Puskapol UI: PKPU 10/2023 Beri Dampak Kemunduran bagi Demokrasi

Direktur Pusat Kajian Politik (Puskapol) Universitas Indonesia (UI) Hurriyah menilai dengan hadirnya Peraturan Komisi Pemilihan Umum (PKPU) Nomor 10 Tahun 2023 tentang Pencalonan Anggota Legislatif, khususnya pada Pasal 8 ayat 2, menjadi sebuah kemunduran bagi demokrasi.

“KPU dan Bawaslu sebagai penyelenggara pemilu yang lahir dari rahim Reformasi, bisa menjadi champion di dalam menegakkan keterwakilan politik perempuan di lembaga penyelenggara pemilu,” kata Hurriyah dalam diskusi yang digelar Koalisi Masyarakat Sipil Kawal Keterwakilan Perempuan bertajuk ‘Ancaman terhadap Keterwakilan Politik Perempuan Pasca PKPU Nomor 10 Tahun 2023’ secara virtual, Minggu (7/5/2023).

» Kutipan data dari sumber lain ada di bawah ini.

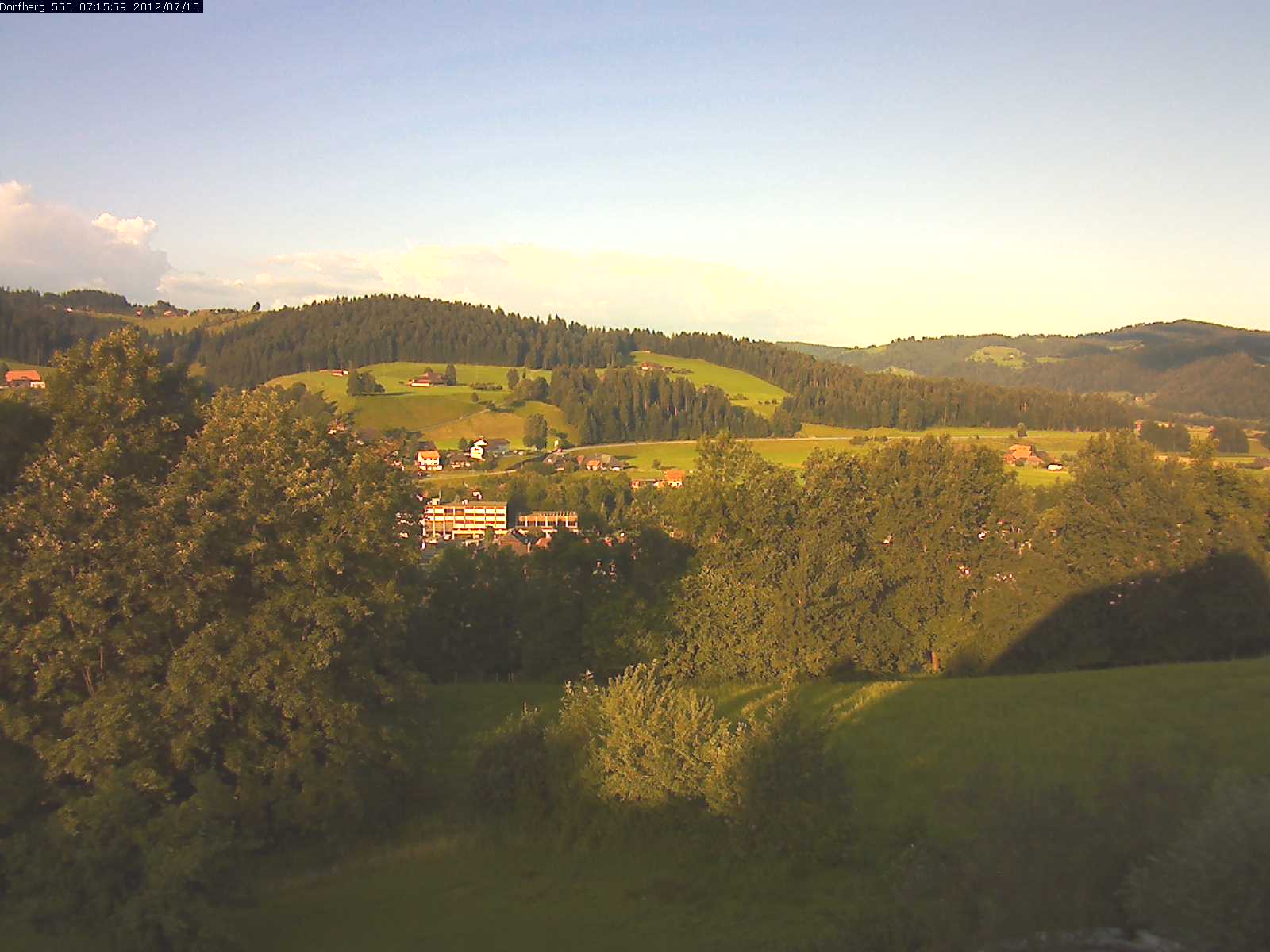 Webcam-Bild: Aussicht vom Dorfberg in Langnau 20120710-071600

Namun, sambung Hurriyah, pihaknya justru melihat bagaimana kemunduran itu diduga terjadi di penyelenggara pemilu, dari mulai regulasinya sampai ke penyusunan regulasi yang jauh dari aspirasi publik. “Lalu juga proses dan mekanisme yang berjalan di dalam penyelenggara pemilu,” tambah dia.

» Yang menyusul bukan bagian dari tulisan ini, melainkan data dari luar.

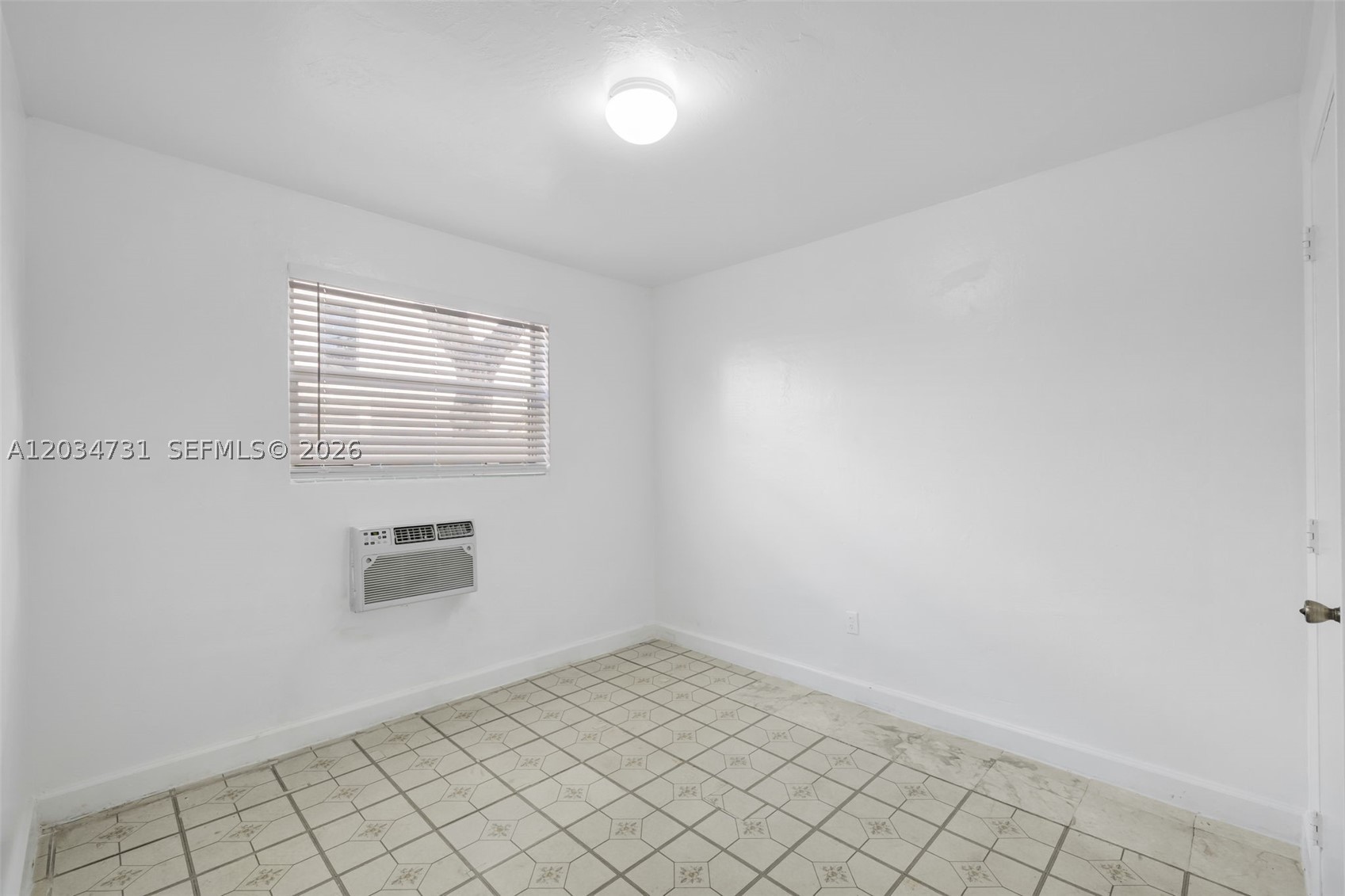 IDLEWILD PARK - Residential Lease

Ia menyinggung kemunduran ini bukan hanya terjadi pada PKPU Nomor 10 Tahun 2023, namun juga sudah mulai terlihat sejak hadirnya PKPU Nomor 4 Tahun 2022 terkait kepengurusan parpol di tingkat provinsi dan kabupaten/kota.

“Di situ ada dihapuskannya syarat keterwakilan perempuan di dalam kepengurusan parpol di tingkat provinsi dan kabupaten/kota. Lalu ini kemudian berlanjut lagi ketika kemudian KPU melalui regulasinya Nomor 4 Tahun 2023 menghapuskan penindakan afirmasi di dalam seleksi,” ungkap Hurriyah.

Padahal, lanjut dia, di PKPU sebelumnya itu ada pasal-pasal afirmasi yang bisa mendorong keterpilihan perempuan di tahapan-tahapan seleksi. ”Nah ini dihapuskan,” ucapnya menegaskan.

Oleh karena itu, ia kemudian memaparkan data hasil pantauan Puskapol UI yang sejak 2021 memusatkan secara khusus mengenai  bagaimana proses seleksi penyelenggara pemilu baik di tingkat provinsi maupun di tingkat kabupaten/kota.

Pada penyususnan tim seleksi (timsel) KPU Provinsi ini, Hurriyah menyebut hanya 5 persen keterwakilan perempuan, bahkan beberapa daerah belum memiliki keterwakilan perempuan di dalamnya.

“Nah di tingkat kabupaten/kota ini menjadi jauh lebih tinggi hanya 14,8 persen dari 115 anggota tim seleksi kabupaten/kota, hanya ada 17 perempuan,” jelasnya.

“Dan jumlah kabupaten/kota yang tidak punya keterwakilan perempuan jauh lebih banyak, di DKI Jakarta, Gorontalo, Kalimantan Barat 1, 2, di Sulawesi Tenggara, Sulawesi Selatan 1, 2, Sumatra Barat 1 dan 2,” lanjut Hurriyah.

Tentunya, tegas dia, hal ini menjadi kemunduran bagi demokrasi jika angka keterwakilan perempuan sebegitu rendahnya. Misalnya, yang coba dilakukan oleh masyarakat sipil, dengan perhitungan desimal ke bawah, maka jumlah perempuan yang ada dalam pencalonan itu tidak akan mencapai 30 persen.

“Secara regulasi tentu ini menjadi kemunduran. Kenapa penting menyikapi PKPU ini, sekarang kita bisa melihat bahwa dari data partisipasi perempuan di dalam ini, keterwakilan 30 persen selama 2014-2019 ini berhasil memaksa parpol memenuhi keterwakilan perempuan,” terangnya.

Oleh karena itu, tambah Hurriyah, tentu penting bagi masyarakat untuk dapat mendorong semakin besarnya tingkat keterwakilan perempuan untuk dapat terjun ke dunia politik.

“Jadi bayangkan kalau kemudian regulasinya tidak punya dasar daya paksa kepada parpol, maka pencalonan perempuan ini akan makin menurun. Nah ini yang menurut kami perlu didorong bersama,” pungkas Hurriyah.